■ Assignment:
Please repeat nothing except the lines from the one containing "Venta - Bungalow" through the end of the records, exactly and without pictures.

■ Records for the exercise:
__________________________________________________

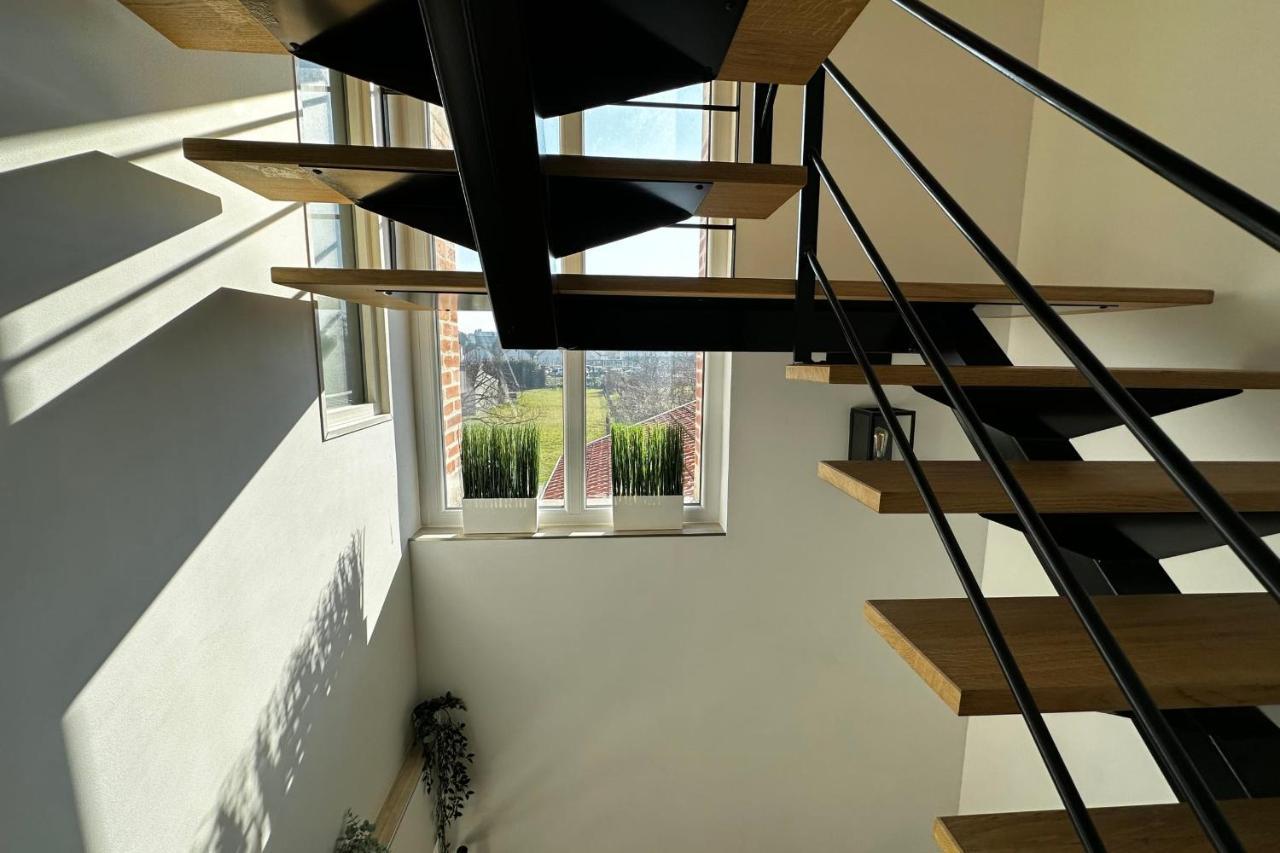 Clos Allegria Amboise Extérieur photo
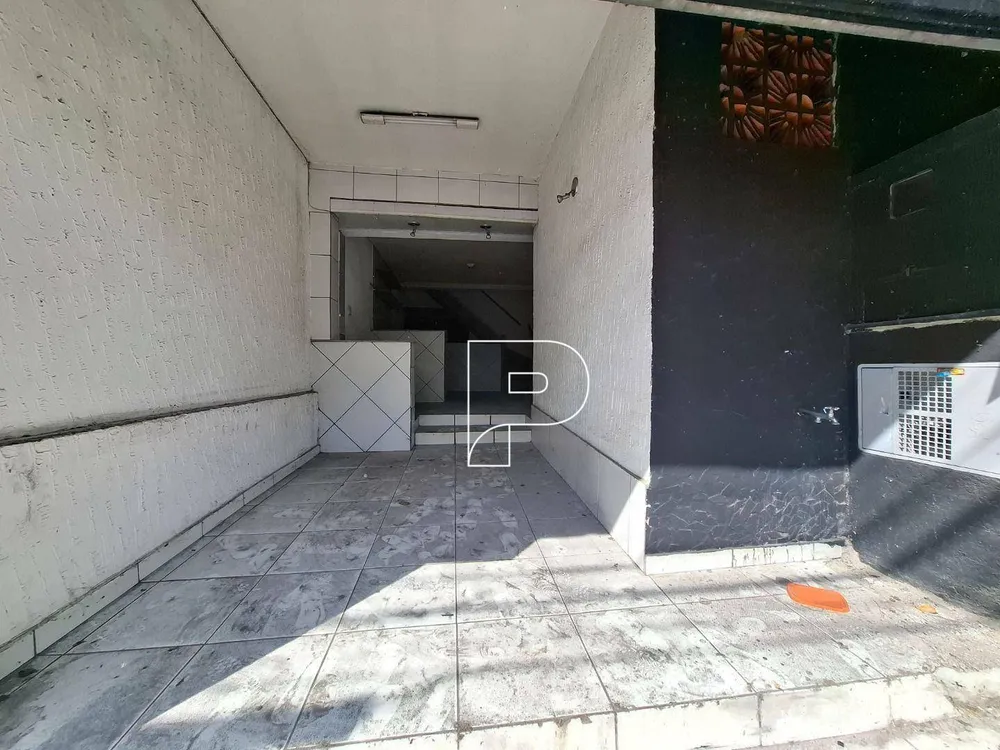 Sobrado, 160 m² - Foto 3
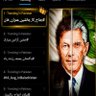 shehri007 profil fotoğrafı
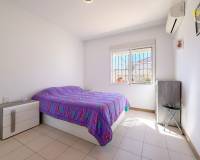 Venta - Bungalow - El Campello - El Campello Pueblo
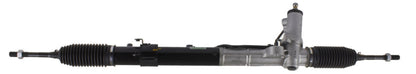 AISIN OE Power Rack and Pinion Assembly SGK-032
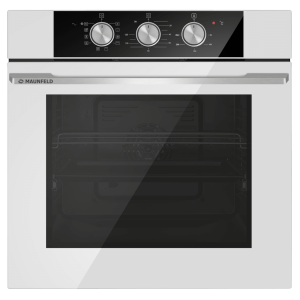 Maunfeld AEOK7610W духовой шкаф электрический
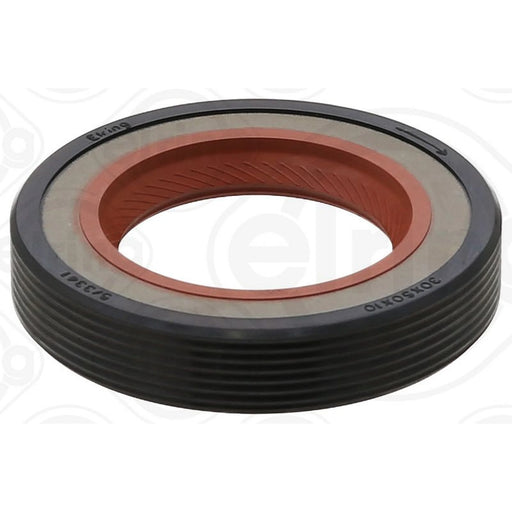 Elring Crankshaft Shaft Seal 50mm OD ID Wide fits Porsche 911 1966-1997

__________________________________________________

■ Reply:
 Venta - Bungalow - El Campello - El Campello Pueblo
 AISIN OE Power Rack and Pinion Assembly SGK-032
 Maunfeld AEOK7610W духовой шкаф электрический
 Elring Crankshaft Shaft Seal 50mm OD ID Wide fits Porsche 911 1966-1997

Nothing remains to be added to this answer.